[Extracted records — start]
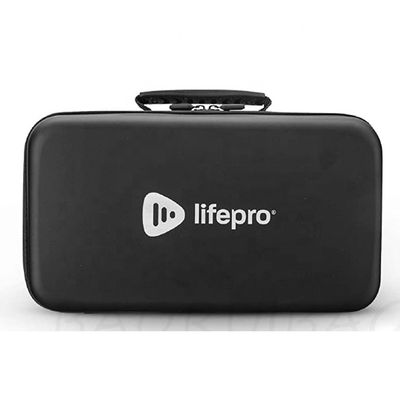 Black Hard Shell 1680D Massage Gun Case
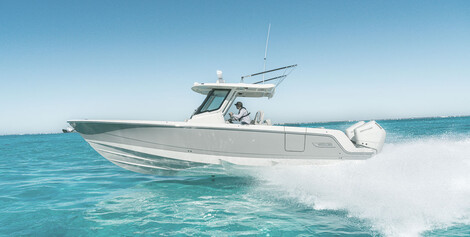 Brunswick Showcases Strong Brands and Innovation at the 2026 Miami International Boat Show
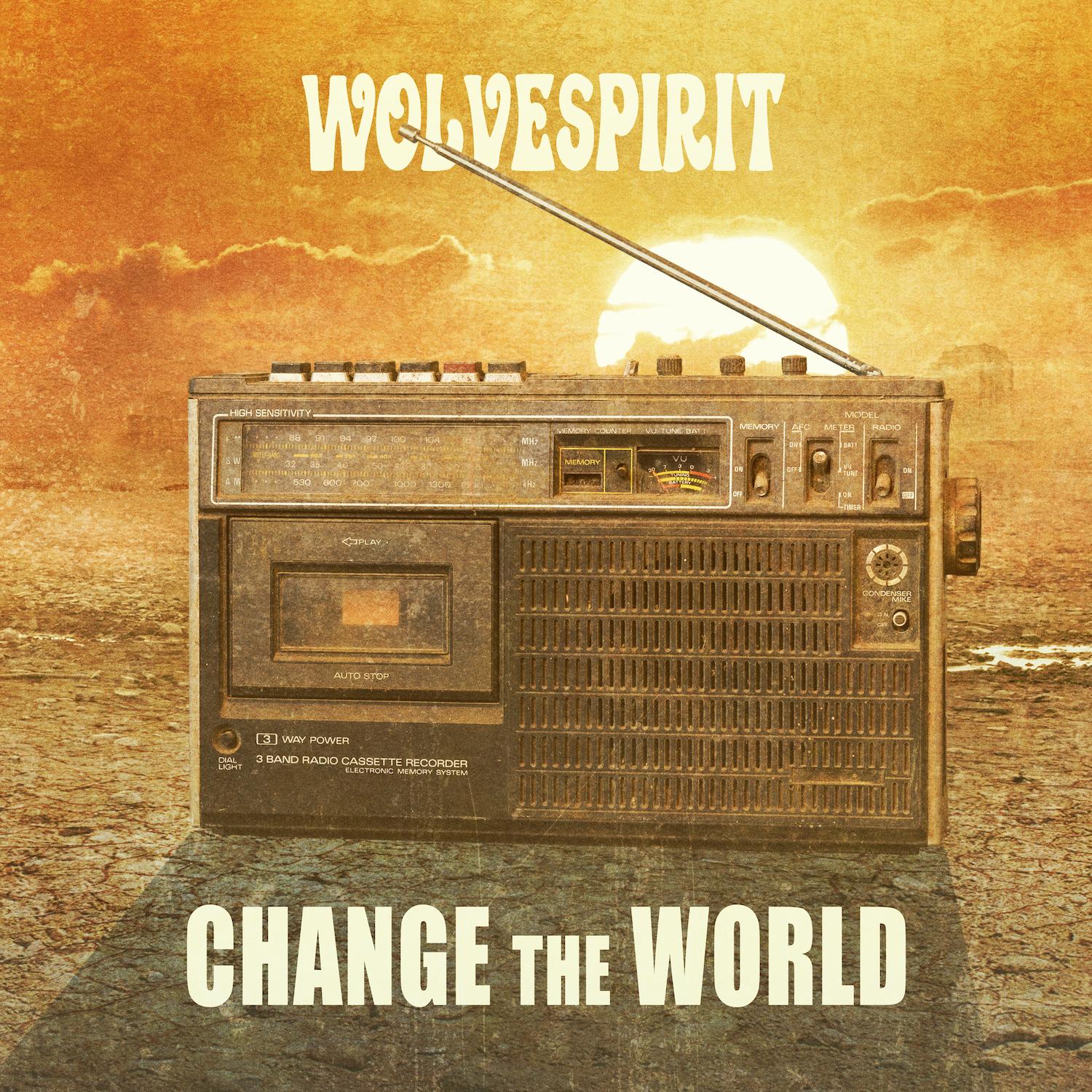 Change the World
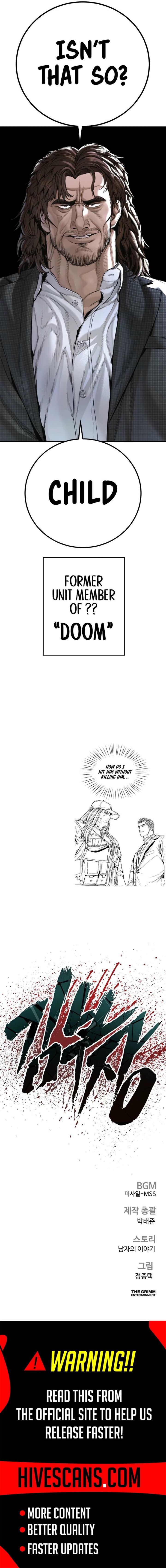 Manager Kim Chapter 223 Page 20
[Extracted records — finish]
[Extracted records — start]
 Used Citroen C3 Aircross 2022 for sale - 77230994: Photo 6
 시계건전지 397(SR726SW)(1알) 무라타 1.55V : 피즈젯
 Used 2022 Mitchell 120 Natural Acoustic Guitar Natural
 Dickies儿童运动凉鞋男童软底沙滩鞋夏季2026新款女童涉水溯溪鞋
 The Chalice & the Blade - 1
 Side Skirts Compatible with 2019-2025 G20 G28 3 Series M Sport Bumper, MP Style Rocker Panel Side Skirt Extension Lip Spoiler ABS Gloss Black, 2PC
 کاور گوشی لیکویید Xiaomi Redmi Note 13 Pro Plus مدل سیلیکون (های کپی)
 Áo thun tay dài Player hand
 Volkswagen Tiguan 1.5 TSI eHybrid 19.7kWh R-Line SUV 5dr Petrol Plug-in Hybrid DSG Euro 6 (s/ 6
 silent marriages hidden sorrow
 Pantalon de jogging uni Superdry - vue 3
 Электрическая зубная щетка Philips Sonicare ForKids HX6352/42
[Extracted records — finish]
[Extracted records — start]
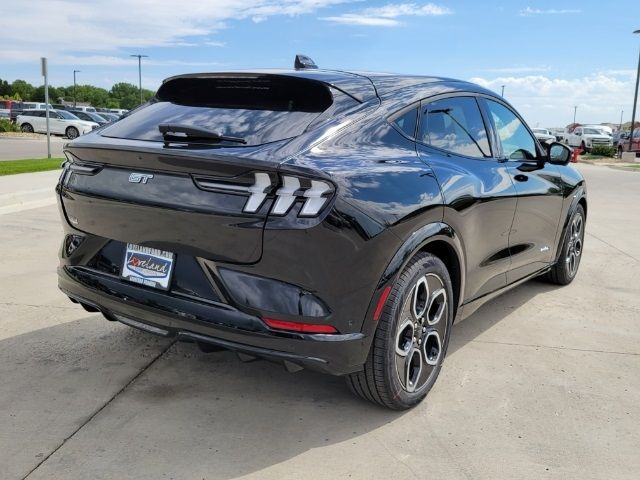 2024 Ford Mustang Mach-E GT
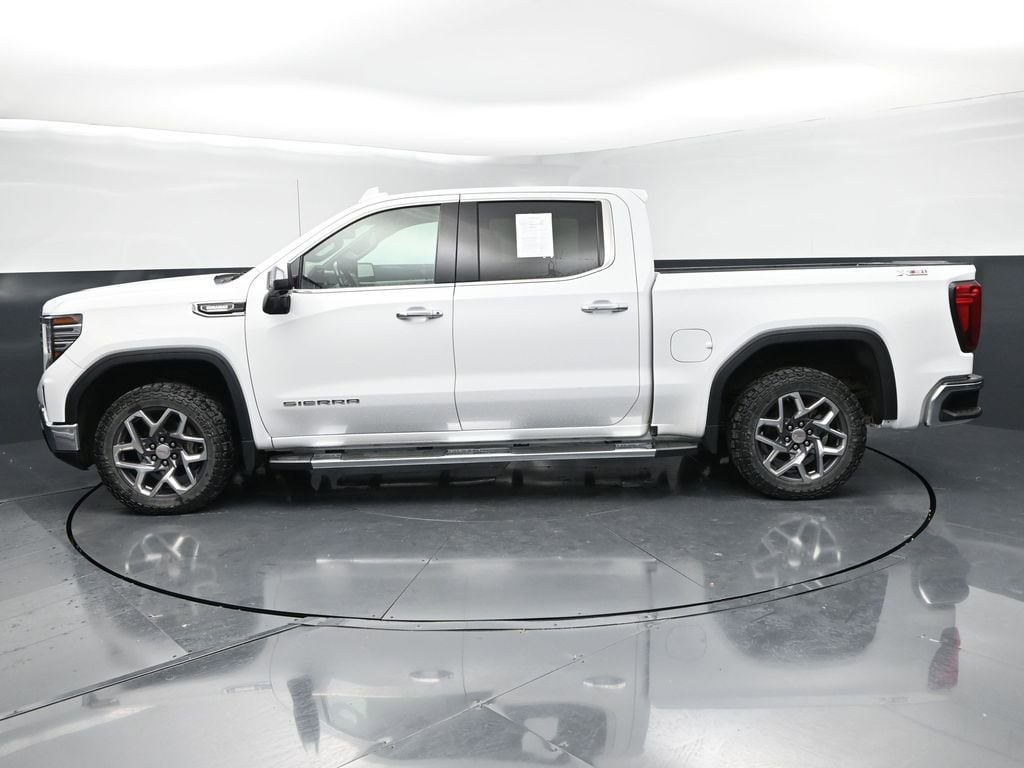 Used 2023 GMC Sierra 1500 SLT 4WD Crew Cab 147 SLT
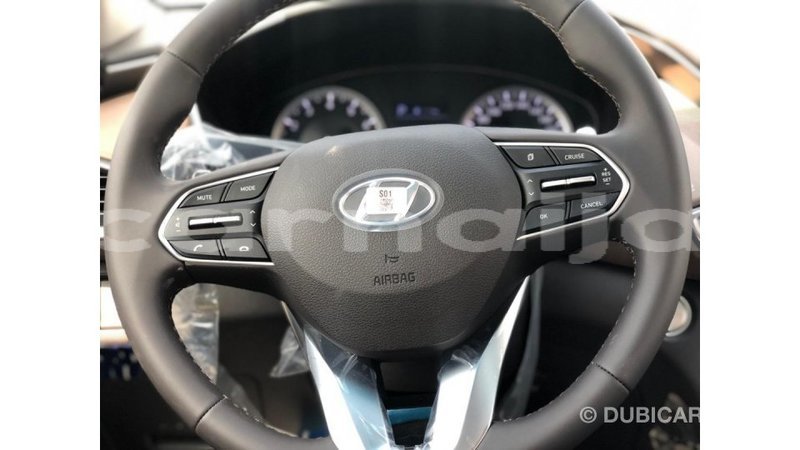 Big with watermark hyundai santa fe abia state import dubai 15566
[Extracted records — finish]
▶ **Problem to work on**
Going by the entries above, repeat exactly the lines that start at the line with "Black Hard Shell 1680D Massage Gun Case" and go on through the line with "Manager Kim Chapter 223 Page 20". Pictures are not part of the copy.

▶ **Solution for this task**
 Black Hard Shell 1680D Massage Gun Case
 Brunswick Showcases Strong Brands and Innovation at the 2026 Miami International Boat Show
 Change the World
 Manager Kim Chapter 223 Page 20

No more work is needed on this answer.